By Luca Berton 📖 5 min read

💡 Quick Answer: Create a SriovNetwork CR in the openshift-sriov-network-operator namespace to define a GPU fabric network that uses nv-ipam for IP allocation. The CR specifies the SR-IOV resource name (Mellanox NICs), IPAM configuration with pool name, and target namespace. The operator automatically generates a NetworkAttachmentDefinition that pods reference via k8s.v1.cni.cncf.io/networks annotation.

The Problem

  • GPU nodes have dedicated Mellanox NICs for RDMA fabric but need automated IP management
  • Manual IP assignment doesn’t scale across hundreds of GPU pods
  • Need SR-IOV VFs attached to pods for GPUDirect RDMA with proper IPAM
  • Standard DHCP doesn’t integrate with GPU topology awareness
  • Must align network resources with GPU NUMA locality

The Solution

SriovNetwork with nv-ipam

apiVersion: sriovnetwork.openshift.io/v1
kind: SriovNetwork
metadata:
  name: gpu-fabric
  namespace: openshift-sriov-network-operator
  finalizers:
    - netattdef.finalizers.sriovnetwork.openshift.io
spec:
  ipam: |
    {
      "type": "nv-ipam",
      "poolName": "gpu-fabric"
    }
  logLevel: info
  networkNamespace: gpu-workloads
  resourceName: mellanoxnics

Prerequisites: SriovNetworkNodePolicy

# First define which NICs to use and how many VFs
apiVersion: sriovnetwork.openshift.io/v1
kind: SriovNetworkNodePolicy
metadata:
  name: mellanox-gpu-fabric
  namespace: openshift-sriov-network-operator
spec:
  resourceName: mellanoxnics
  nodeSelector:
    node-role.kubernetes.io/gpu-worker: ""
  numVfs: 8
  nicSelector:
    vendor: "15b3"              # Mellanox
    deviceID: "101d"            # ConnectX-7
    pfNames: ["ens8f0", "ens8f1"]
  deviceType: netdevice         # or vfio-pci for DPDK
  isRdma: true                  # Enable RDMA on VFs
  linkType: IB                  # InfiniBand (or eth for RoCE)
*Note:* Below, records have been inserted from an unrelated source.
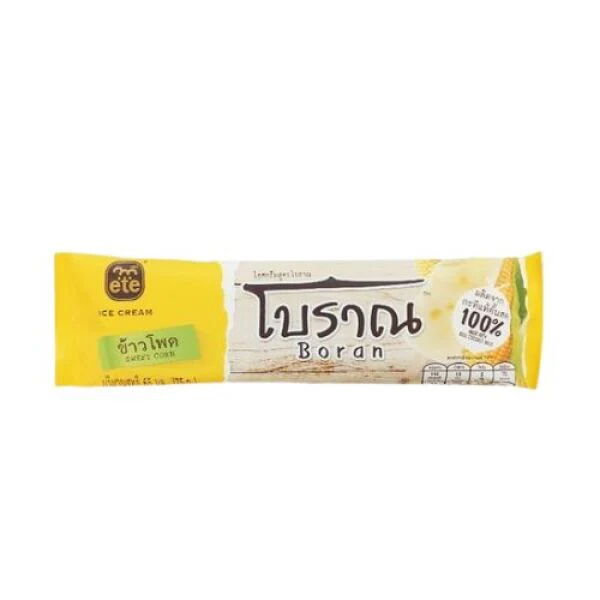 ETE Coconut Milk Frozen Dessert Bar with Sweet Corn 1pcs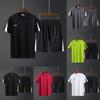 Breathable Men Quick Dry Tshirt And Shorts Set For Gym And Running Sportswear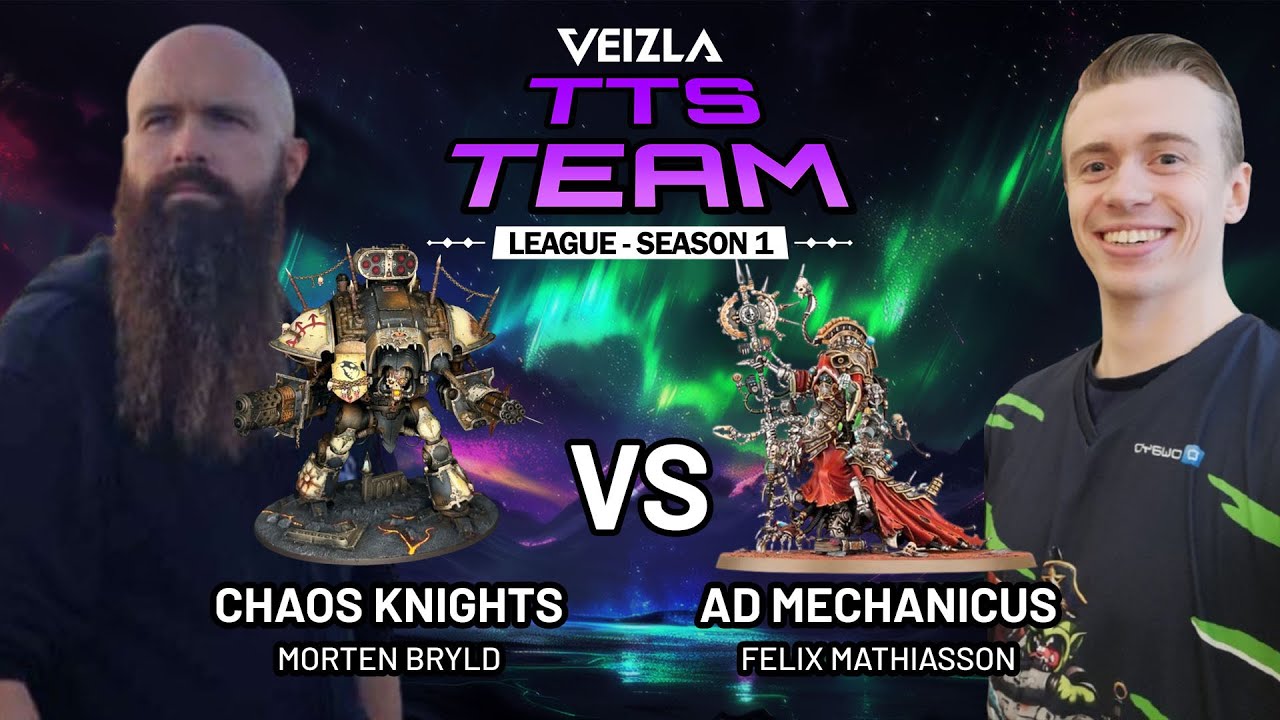 🔥Chaos Knights vs Adeptus Mechancius - Morten Bryld vs Felix Mathiasson🔥 [ENGLISH]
nv-ipam IPPool Configuration

# Define IP pool for the GPU fabric
apiVersion: nv-ipam.nvidia.com/v1alpha1
kind: IPPool
metadata:
  name: gpu-fabric
  namespace: nvidia-network-operator
spec:
  subnet: "10.10.0.0/16"
  perNodeBlockSize: 64          # 64 IPs per node
  gateway: "10.10.0.1"
  nodeSelector:
    nodeSelectorTerms:
      - matchExpressions:
          - key: node-role.kubernetes.io/gpu-worker
            operator: Exists

Pod Using the SR-IOV Network

apiVersion: v1
kind: Pod
metadata:
  name: distributed-training
  namespace: gpu-workloads
  annotations:
    k8s.v1.cni.cncf.io/networks: gpu-fabric
spec:
  containers:
    - name: trainer
      image: registry.example.com/training:v1
      resources:
        requests:
          nvidia.com/gpu: "4"
          openshift.io/mellanoxnics: "1"    # Request one SR-IOV VF
        limits:
          nvidia.com/gpu: "4"
          openshift.io/mellanoxnics: "1"
      env:
        - name: NCCL_IB_HCA
          value: "mlx5"
        - name: NCCL_NET_GDR_LEVEL
          value: "PIX"

Multiple Networks (Storage + GPU Fabric)

apiVersion: sriovnetwork.openshift.io/v1
kind: SriovNetwork
metadata:
  name: gpu-rdma-fabric
  namespace: openshift-sriov-network-operator
spec:
  ipam: |
    {
      "type": "nv-ipam",
      "poolName": "rdma-fabric"
    }
  logLevel: info
  networkNamespace: gpu-workloads
  resourceName: mellanoxnics-ib
---
apiVersion: sriovnetwork.openshift.io/v1
kind: SriovNetwork
metadata:
  name: storage-network
  namespace: openshift-sriov-network-operator
spec:
  ipam: |
    {
      "type": "nv-ipam",
      "poolName": "storage-net"
    }
  networkNamespace: gpu-workloads
  resourceName: mellanoxnics-eth
# Pod with dual networks
metadata:
  annotations:
    k8s.v1.cni.cncf.io/networks: |
      [
        {"name": "gpu-rdma-fabric", "namespace": "gpu-workloads"},
        {"name": "storage-network", "namespace": "gpu-workloads"}
      ]

Verify the Generated NetworkAttachmentDefinition

# SriovNetwork operator auto-creates NAD in target namespace
oc get net-attach-def -n gpu-workloads
# NAME          AGE
# gpu-fabric    5d

oc get net-attach-def gpu-fabric -n gpu-workloads -o yaml
# Shows the generated CNI config with SR-IOV device plugin + nv-ipam

# Check SR-IOV VF allocation
oc get sriovnetworknodestates -n openshift-sriov-network-operator
oc describe sriovnetworknodestate gpu-worker-0 -n openshift-sriov-network-operator

ArgoCD Integration

# The SriovNetwork CR works with ArgoCD GitOps
# Annotations show tracking:
metadata:
  annotations:
    argocd.argoproj.io/tracking-id: "openshift-sriov-network:sriovnetwork.openshift.io/SriovNetwork:openshift-sriov-network-operator/gpu-fabric"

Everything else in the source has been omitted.